Your assignment: Please write out, exactly as given, the line that contains "alerta securitate parlament" and all lines that follow it through the end of the listing, and nothing else.

(Material provided begins)

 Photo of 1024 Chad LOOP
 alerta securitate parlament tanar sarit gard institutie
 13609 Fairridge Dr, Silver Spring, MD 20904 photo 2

(Material provided ends)

Solution to this task:
 alerta securitate parlament tanar sarit gard institutie
 13609 Fairridge Dr, Silver Spring, MD 20904 photo 2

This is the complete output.